Sloppy paint disposal on ECan's radar
The swelling ranks of Christchurch's painters, now about 8000, has forced Environment Canterbury (ECan) to get tougher on illegal paint waste disposal.
ECan has put them on notice and they face fines of up to $1000 or prosecution if they do not dispose of paint and paint wash, in the three ways it has promoted on its website.
Checks will begin in August after an increase in complaints from contractors and the public about sloppy paint disposal.
Painters are not allowed to wash and dump paint on to grass. Nor are they permitted to pour paint wash water on to the ground or into drains and gutters, which connect into a network of underground stormwater pipes, which discharge into streams and rivers.
The number of painters in Christchurch has ballooned to 8000, compared with fewer than 1500 before the quakes.
If Fletcher EQR estimates are correct most painters are disposing of paint unlawfully. It estimates there are about 8000 painters accredited to it and also working on commercial sites and new homes.
Asked how many Fletcher EQR accredited paint contractors he thought were complying, Fletcher EQR technical adviser Greg Thomas said: "I would say just at the minute that probably a very small percentage, but obviously that will change."
"In actual fact those contractors that are doing work for us they will need to because ECan said they have to."
The campaign was an ECan initiative and Fletcher EQR and other big project management organisations (working for insurers) were just the messengers, Thomas said.
"So we subscribe wholly to that because we think it is a really good culture shift within the industry."
ECan has told painters through its website, that they should have chosen one of three systems to dispose of paint waste lawfully by July, before it begins checks in August.
"...if you do not have a system in place, it could affect your ability to get more work," a brochure on ECan's website said.
ECan team leader implementation and pollution prevention Paul Gofton said the disposal rules were not new.
Discharging paint and paint waste water directly into waterways or on to land, where it is likely to enter drains and then into streams and rivers, was a breach of the Resource Management Act.
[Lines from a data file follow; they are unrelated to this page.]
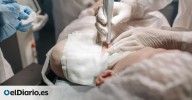 El procedimiento exprés que corrige la vista sin bisturí y elimina las gafas para siempre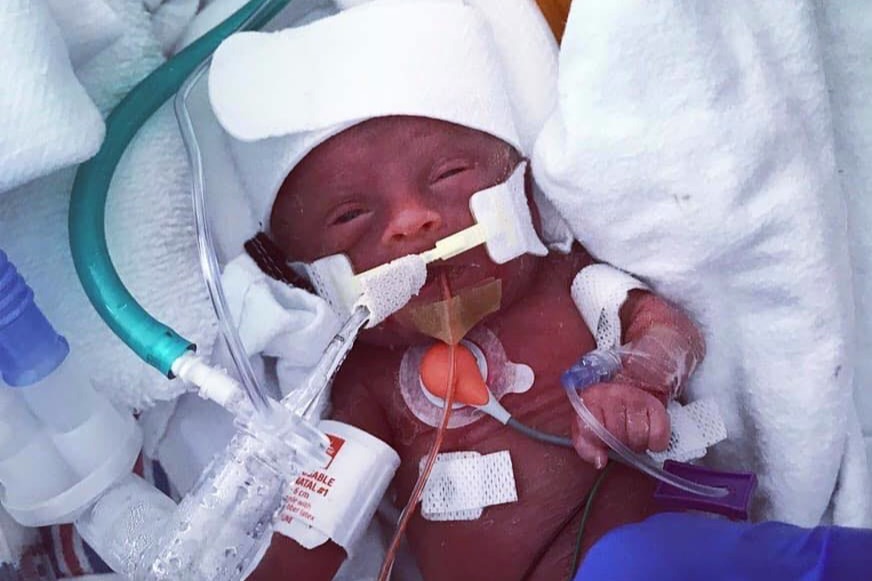 Miracle Baby Goes Home After He's Born Weighing 1 Pound, Feet Were the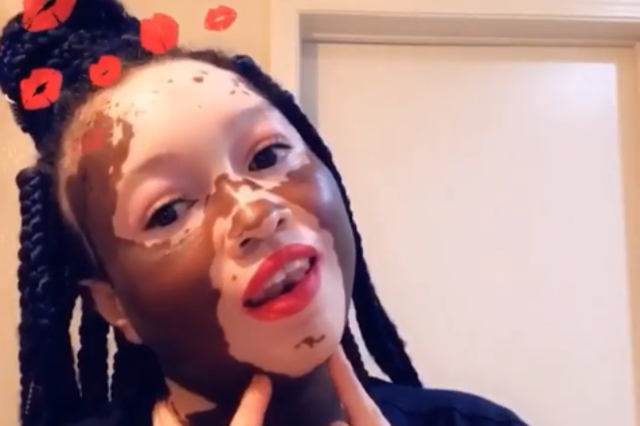 Iomikoe Johnson has embraced her vitiligo (Instagram)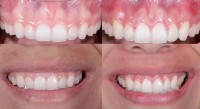 New Dental Implant Smile image 2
"There have been a few contractors where they have been carrying out that behaviour and they have received infringement notices," Gofton said.
For infringement a standard fine was $750 but it could go to $1000, however the requirement to clean up was more expensive than the fine, Gofton said.
More serious cases could face prosecution by ECan, Gofton said.
ECan said the three options for paint disposal are: Large or small scale contained washing systems; A trade waste licence from the Christchurch City Council; Or contract with another party/business to clean equipment.
"We are getting an increase in calls.
"We are just trying to be more proactive, get the information out to the industry," Gofton said.
"Yes the rebuild is underway but we still think we are in early enough to change behaviours and promote good practice and correct behaviours. Rather than use the enforcement we are trying to encourage and promote best practice and good behaviours in the first place."
If that did not work it would use enforcement.